US-Wahlen und Geopolitik. Ich werde nicht darüber spekulieren, wer die US-Präsidentschaftswahl gewinnen wird, denn das Rennen verspricht knapp zu werden und birgt immer noch viele Unsicherheiten. Jedoch sollte man nicht vergessen, dass die Rentabilität der US-Unternehmen von den fiskalpolitischen Divergenzen zwischen den Wahlprogrammen beeinträchtigt würde. Analysten sind sich einig, dass eine neue Trump-Regierung einen Anstieg der Gewinnerwartungen um 5% zur Folge hätte, während unter Kamala Harris ein Rückgang um rund 5% zu erwarten wäre. Es ist jedoch höchst unwahrscheinlich, dass einer der beiden Kandidaten in der Lage sein wird, größere Reformen umzusetzen, denn die Wahrscheinlichkeit, dass die Demokraten oder die Republikaner die Mehrheit im Senat und im Repräsentantenhaus zugleich erringen, ist gering. Die geopolitischen Auswirkungen könnten aber größer sein. Der Isolationismus, den Donald Trump vertritt, würde die Unterstützung für die Ukraine unterminieren und den Handelskrieg mit China anheizen, während die bedingungslose Unterstützung Israels die Spannungen im Nahen Osten und auf dem Rohölmarkt verschärfen würde. Es ist offensichtlich, dass Europa unter diesen Szenarien in eine schwierige Lage geraten wird. Trotzdem bin ich weiterhin der Meinung, dass die gegenseitige Abhängigkeit der verschiedenen Parteien uns vor einem größeren Konflikt bewahren wird.

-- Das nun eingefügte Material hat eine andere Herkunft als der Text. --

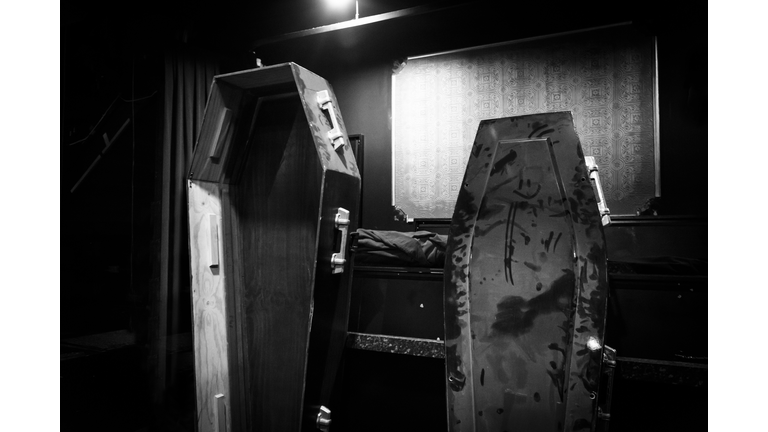 Two dusty coffins leaning against a wall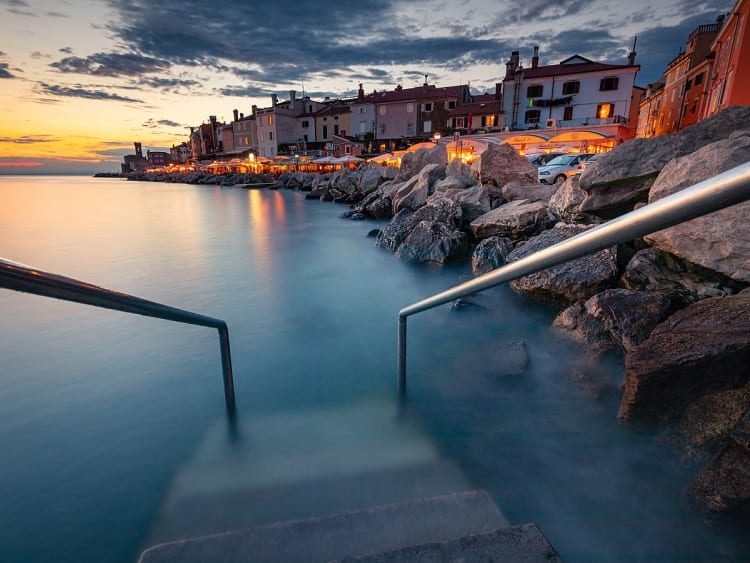 Piran (Slowenien) &ndash; stimmungsvolle Uferpromenade mit bunten H&auml;usern und Restaurants bei Sonnenuntergang, Blick &uuml;ber die Adria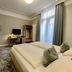 Hotel West an der Bockenheimer Warte guest room with bed, desk, TV and tall windows in Frankfurt am Main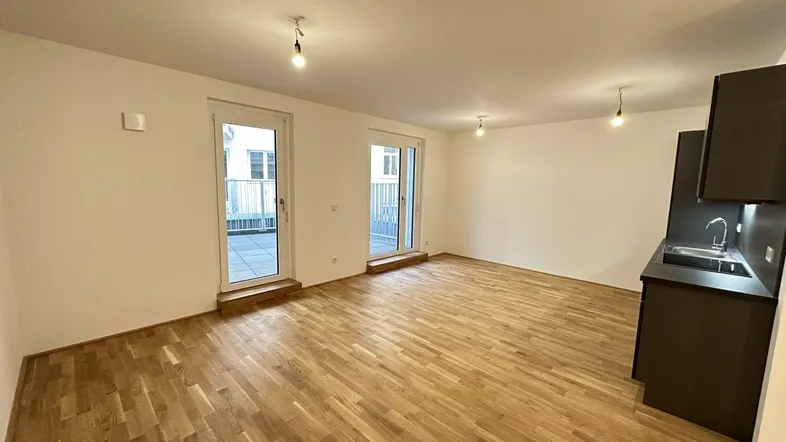 Heller offener Wohn-Essbereich mit Holzboden und Zugang zu zwei Balkonen oder Terrassen.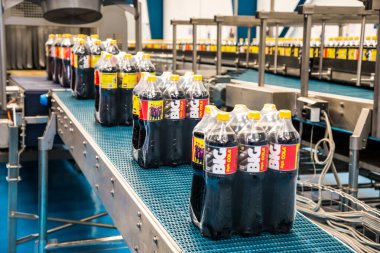 Big Cola factory, manufacture steps, shot is selective focus with shallow depth of field. Photos taken at Cairo Egypt on 21 January 2016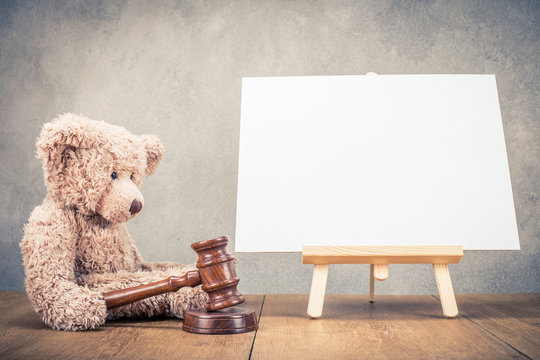 Teddy bear toy with auction gavel and easel for painting with canvas blank front concrete wall background. Retro instagram old style filtered photo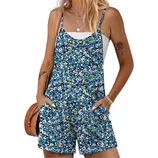 A woman is wearing a blue floral romper with spaghetti straps over a white tank top. She accessorizes with layered necklaces, bracelets, a tattoo of a rose on her arm, and holds a brown woven bag.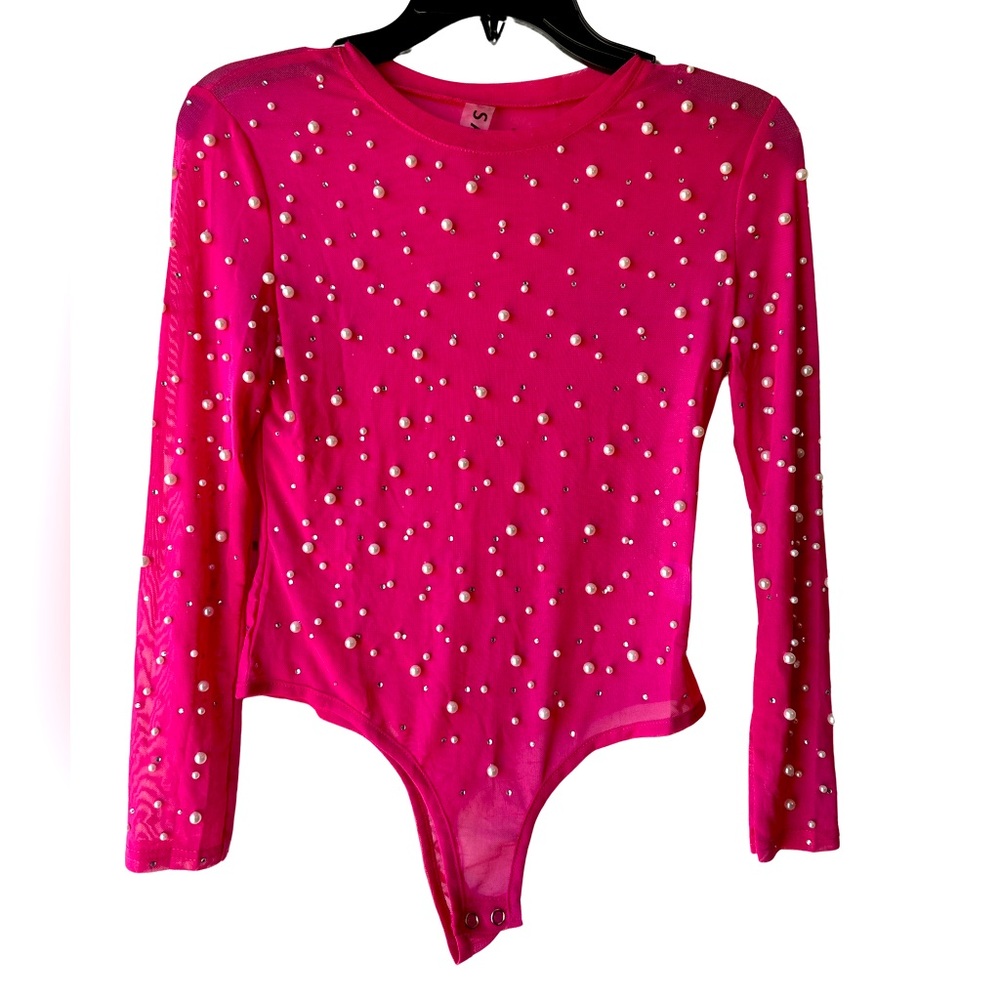 Hot pink bodysuit with pearls and crystals.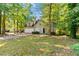 Charming two-story home with attached garage, a well-manicured lawn, and mature trees at 1333 Laura Ln, Austell, GA 30168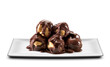 white rectangular plate with profiteroles, cream puffs covered in chocolate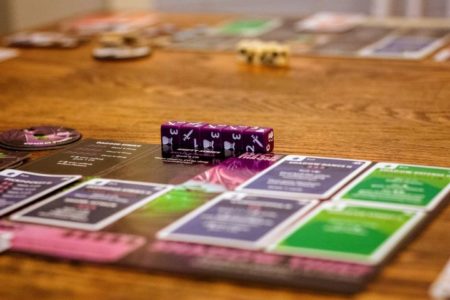 An array of cards and dice used for playing games on a table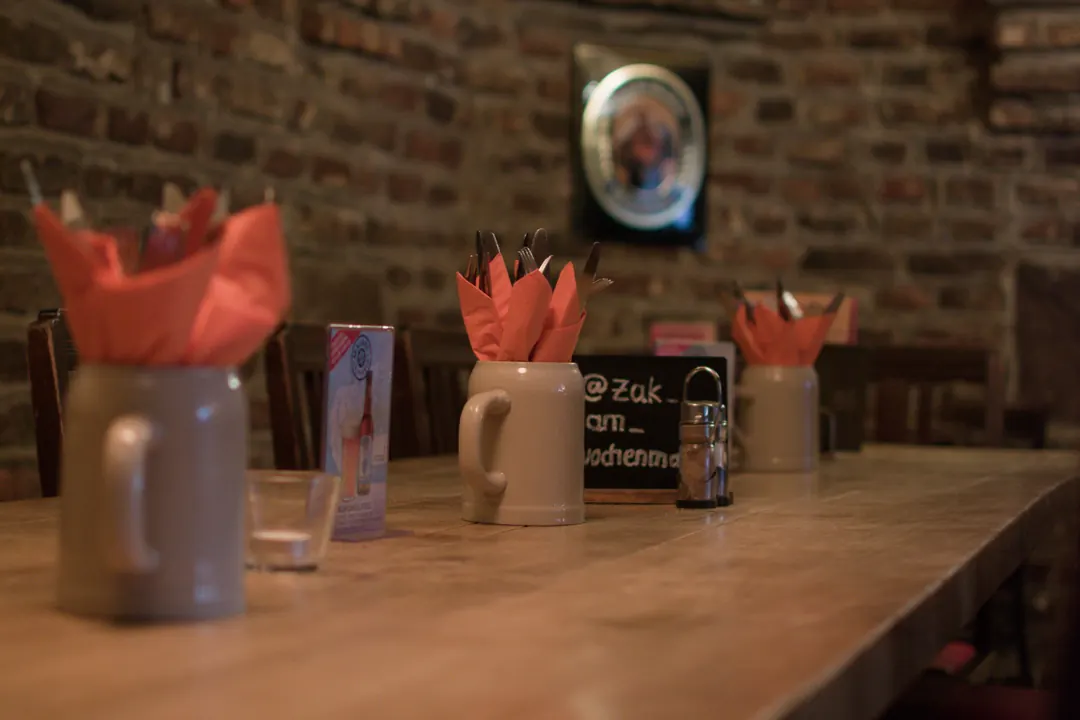 Gedeckter Tisch vor der Backsteinwand am Abend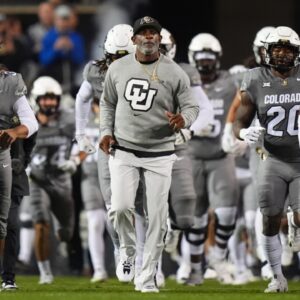 Oct 26, 2024; Boulder, Colorado, USA; Colorado Buffaloes head coach Deion Sanders leads out the team before the game against the Cincinnati Bearcats at Folsom Field.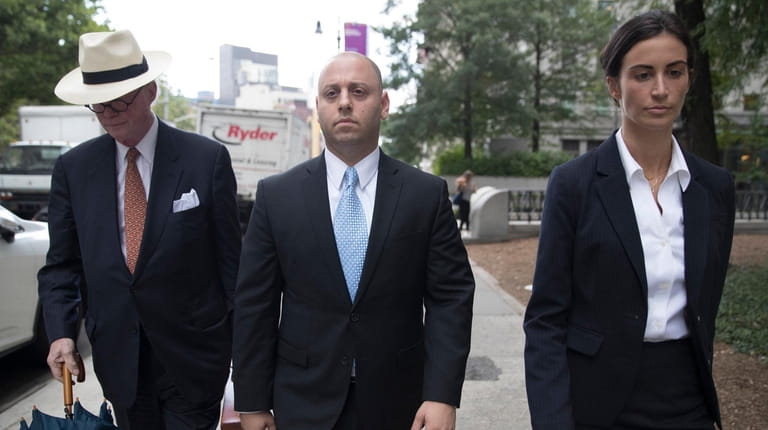 Adam Skelos, center, leaves federal court on Tuesday in Manhattan.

Und der Marktausblick? Der Zinsrückgang ist eindeutig positiv, aber die Bewertungsniveaus und die genannten Unsicherheiten erfordern ein sehr spezifisches Anlageportfolio. Denn die Zinssenkungen durch die Zentralbanken werden sich womöglich erst dann in den langfristigen Zinssätzen widerspiegeln, wenn der Inflationsdruck deutlicher zurückgeht, und sie werden nicht ausreichen, um Enttäuschungen bei Unternehmen auszugleichen, die empfindlich auf eine Abschwächung der globalen Nachfrage reagieren. Wir bevorzugen daher nach wie vor Aktien mit hoher Prognosesicherheit und besitzen eine wesentliche Allokation in den Schlüsselakteuren auf dem Gebiet der Künstlichen Intelligenz. Ausserdem halten wir uns fern von langlaufenden festverzinslichen Anleihen. Zuletzt profitiert unser Exposure in Gold von den akkommodierenden Geldpolitiken und der Zunahme der geopolitischen Risiken.

Mit dieser Mahnung zur Vorsicht möchte ich schließen. Vielen Dank für Ihr Interesse.